#### [Your goal]
Whenever the word "White" appears in a line of the data below, copy that line.

*** Entries shown Section Begins ***

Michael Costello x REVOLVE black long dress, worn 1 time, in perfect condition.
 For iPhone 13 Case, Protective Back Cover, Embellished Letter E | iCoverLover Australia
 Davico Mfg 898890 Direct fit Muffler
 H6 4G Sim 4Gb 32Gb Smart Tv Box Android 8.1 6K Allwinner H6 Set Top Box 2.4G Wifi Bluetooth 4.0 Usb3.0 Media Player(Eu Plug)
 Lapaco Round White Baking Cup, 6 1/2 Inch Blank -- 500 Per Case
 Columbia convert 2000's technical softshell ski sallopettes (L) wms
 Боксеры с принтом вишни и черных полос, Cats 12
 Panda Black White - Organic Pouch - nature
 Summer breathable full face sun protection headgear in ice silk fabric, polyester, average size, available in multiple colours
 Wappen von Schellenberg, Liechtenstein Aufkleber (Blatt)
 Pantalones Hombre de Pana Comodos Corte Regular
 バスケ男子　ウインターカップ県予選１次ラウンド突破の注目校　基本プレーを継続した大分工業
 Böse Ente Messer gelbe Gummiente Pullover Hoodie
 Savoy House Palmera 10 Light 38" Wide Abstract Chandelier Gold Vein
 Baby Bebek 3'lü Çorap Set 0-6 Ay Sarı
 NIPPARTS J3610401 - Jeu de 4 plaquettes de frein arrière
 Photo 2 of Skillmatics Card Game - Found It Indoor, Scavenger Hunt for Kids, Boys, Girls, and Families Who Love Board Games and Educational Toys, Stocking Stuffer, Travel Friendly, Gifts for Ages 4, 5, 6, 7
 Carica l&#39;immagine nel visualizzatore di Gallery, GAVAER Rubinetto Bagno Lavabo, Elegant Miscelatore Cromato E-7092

*** Entries shown Section Ends ***

#### [Result of this task]
 Lapaco Round White Baking Cup, 6 1/2 Inch Blank -- 500 Per Case
 Panda Black White - Organic Pouch - nature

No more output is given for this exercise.